*Problem to work on*. What you return must be an exact copy of the lines in the listing below between the line holding "Honda Civic Sport" and the line holding "Свитер Hugo с коротким рукавом", inclusive, and nothing more.

*Records shown*.
---*---
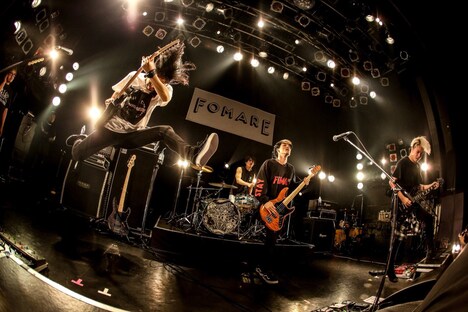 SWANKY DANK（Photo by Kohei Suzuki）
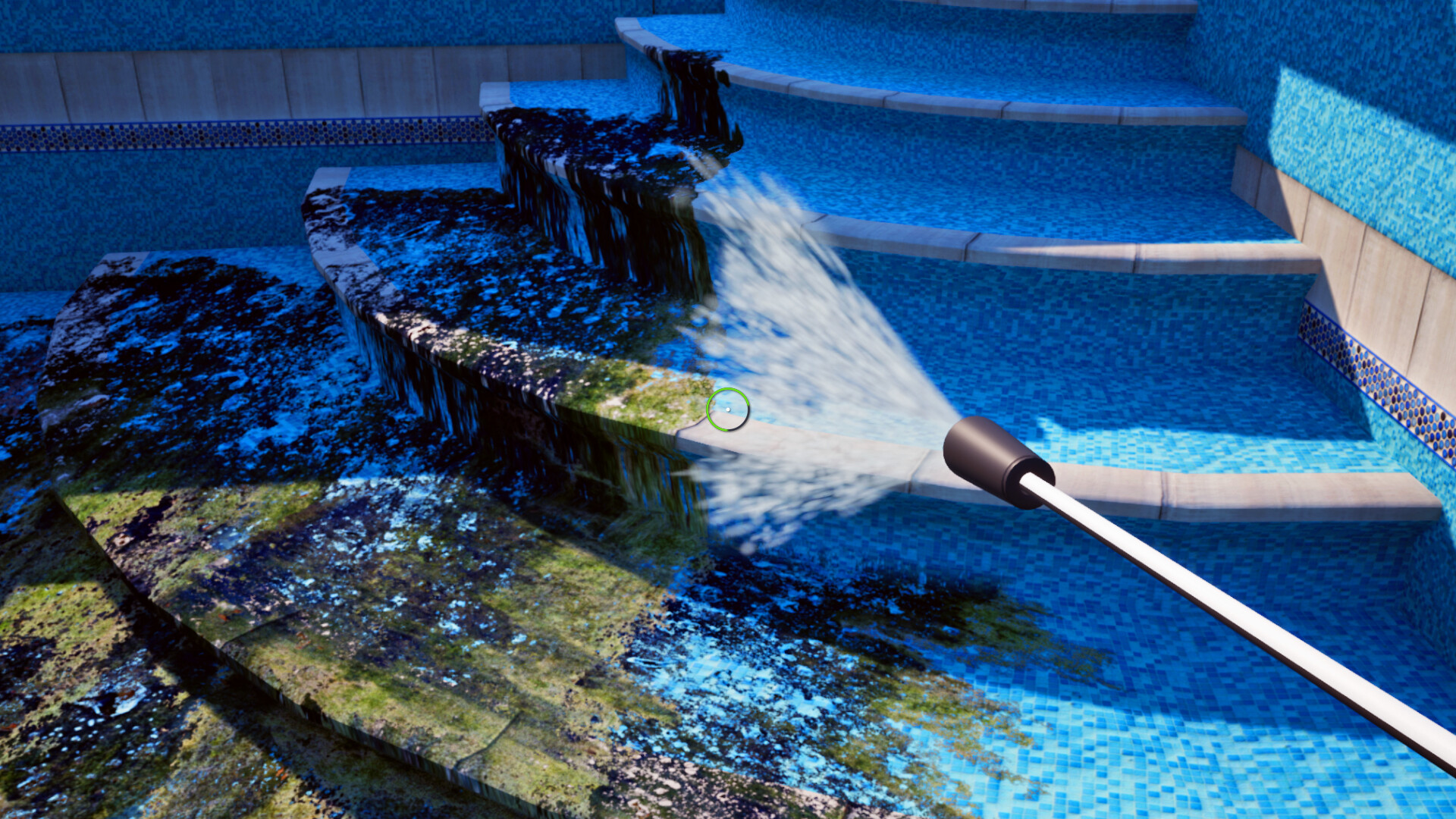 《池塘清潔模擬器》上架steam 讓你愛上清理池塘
---*---
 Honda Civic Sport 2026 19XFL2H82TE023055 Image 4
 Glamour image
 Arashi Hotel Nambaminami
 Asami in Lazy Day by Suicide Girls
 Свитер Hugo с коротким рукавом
---*---
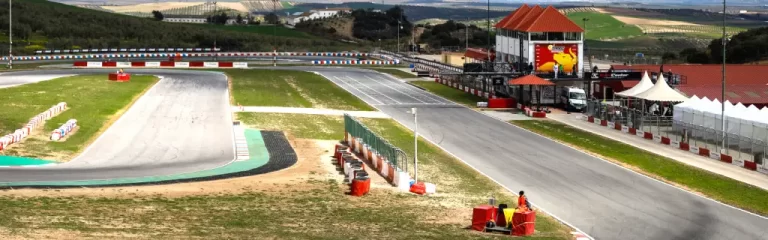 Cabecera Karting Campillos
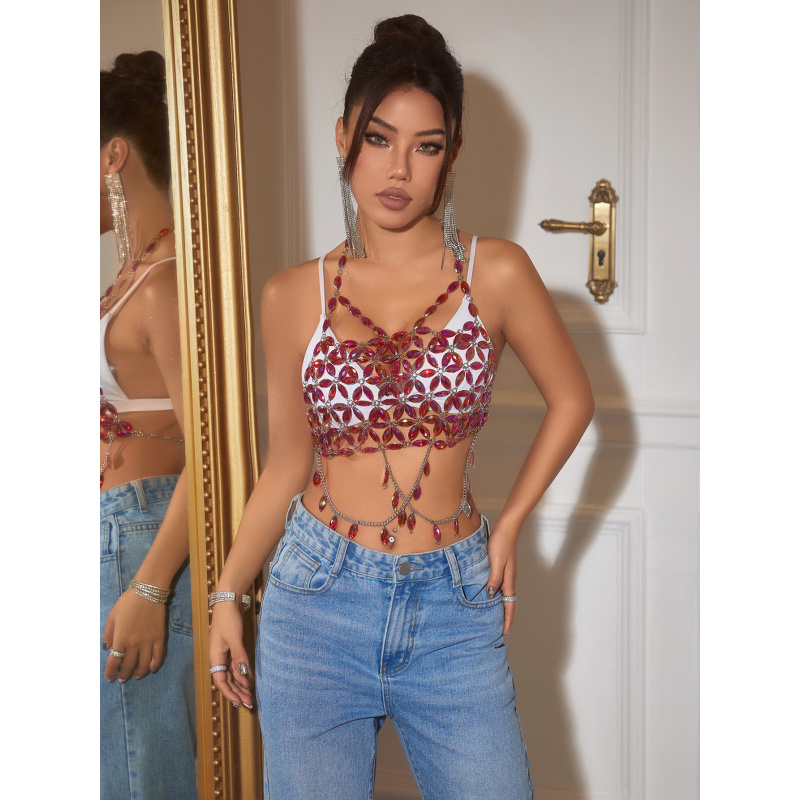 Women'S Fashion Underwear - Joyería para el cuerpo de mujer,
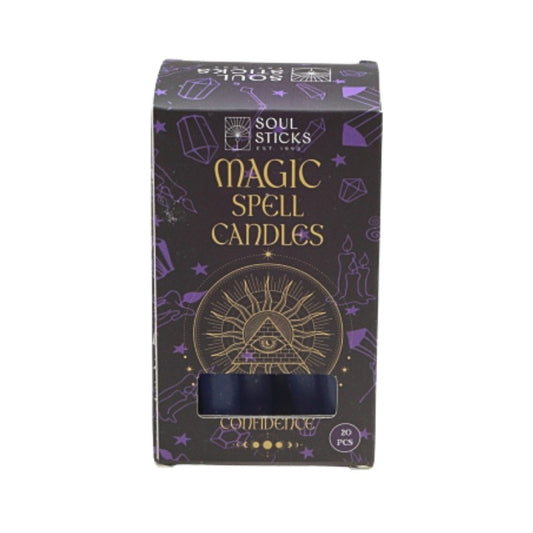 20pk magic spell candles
---*---
*Reply*.
 Honda Civic Sport 2026 19XFL2H82TE023055 Image 4
 Glamour image
 Arashi Hotel Nambaminami
 Asami in Lazy Day by Suicide Girls
 Свитер Hugo с коротким рукавом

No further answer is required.